Since engine modifications to control NOx production can negatively impact fuel economy there is an increased need to improve motorcycle efficiency, making it important to further improve the boundary and hydrodynamic friction performance of lubricants. This need for improved fuel economy may increase the use of friction modifiers and drive a transition towards lower viscosity grade lubricants. Until recently, the lowest viscosity grade in use had been SAE 10W-30. However, there is now a growing interest in even lower viscosity grades, such as SAE 5W-30 and 0W-30.
It's highly anticipated that the upcoming JASO revision will bring changes to API categories, similar to previous updates. The latest API Service Categories for gasoline passenger car lubricants is expected to be included in the new specification, leading to its widespread adoption in motorcycles. As a result, the lower quality categories may become obsolete.

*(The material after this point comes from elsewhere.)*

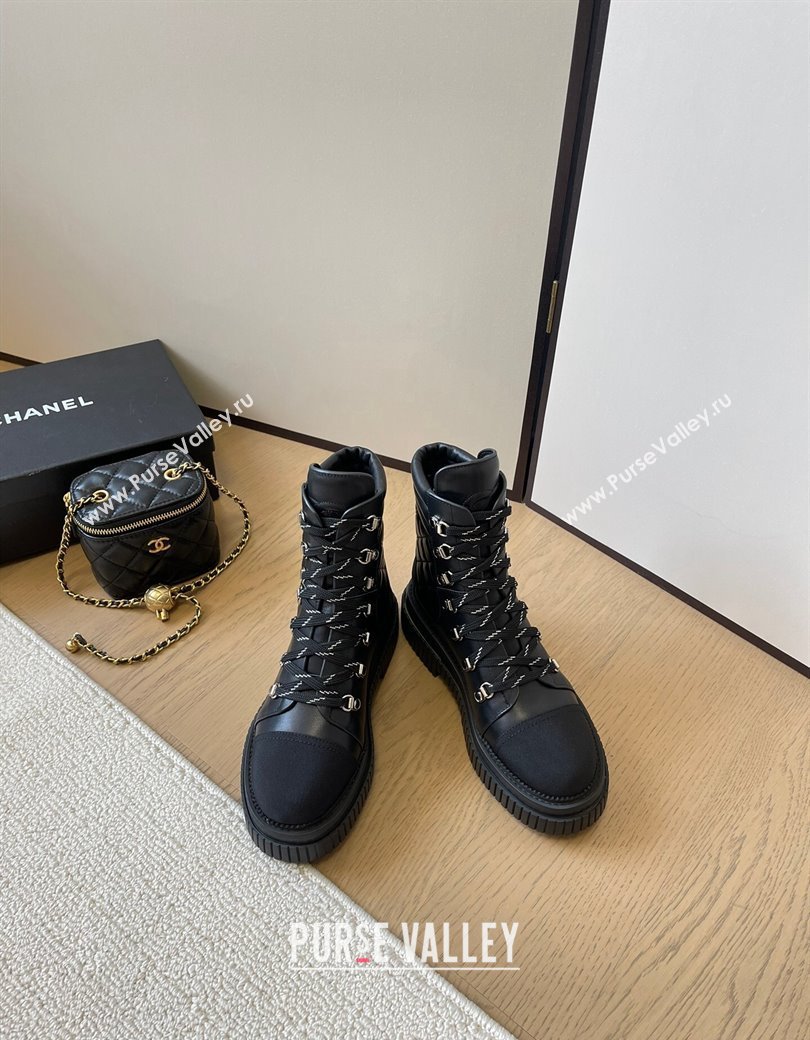 Chanel Quilted Calfskin Leather Lace-up Ankle Boots Black 2024 CH010206 (MD-240102045)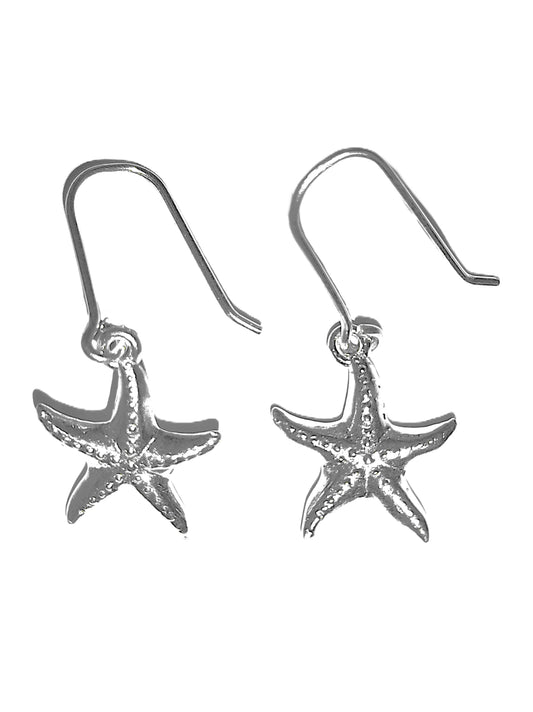 Aretes de Plata .925 - Estrella de Mar con Superficie Lisa y Milgrain en Fila Central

To ensure the three-way catalyst remains compliant but also to help optimise design and efficiency, it is highly likely that the maximum limit of the phosphorus level will be reduced in the revised JASO specification. Other changes may include, tightening NOACK limits.
The future-proof design built into our motorcycle oil products means most are ready to meet the new JASO motorcycle oil specification. Our portfolio has been re-evaluated and we have conducted extensive power, acceleration, and durability testing to ensure that our motorcycle engine oil additive technology, formulated with lower viscosity and lower phosphorus, performs exceptionally well. Our extensive field trials have further demonstrated the efficacy of our products.
Thanks to all this preparation, we are ready to assist customers in meeting the latest requirements of the new JASO T903 specification.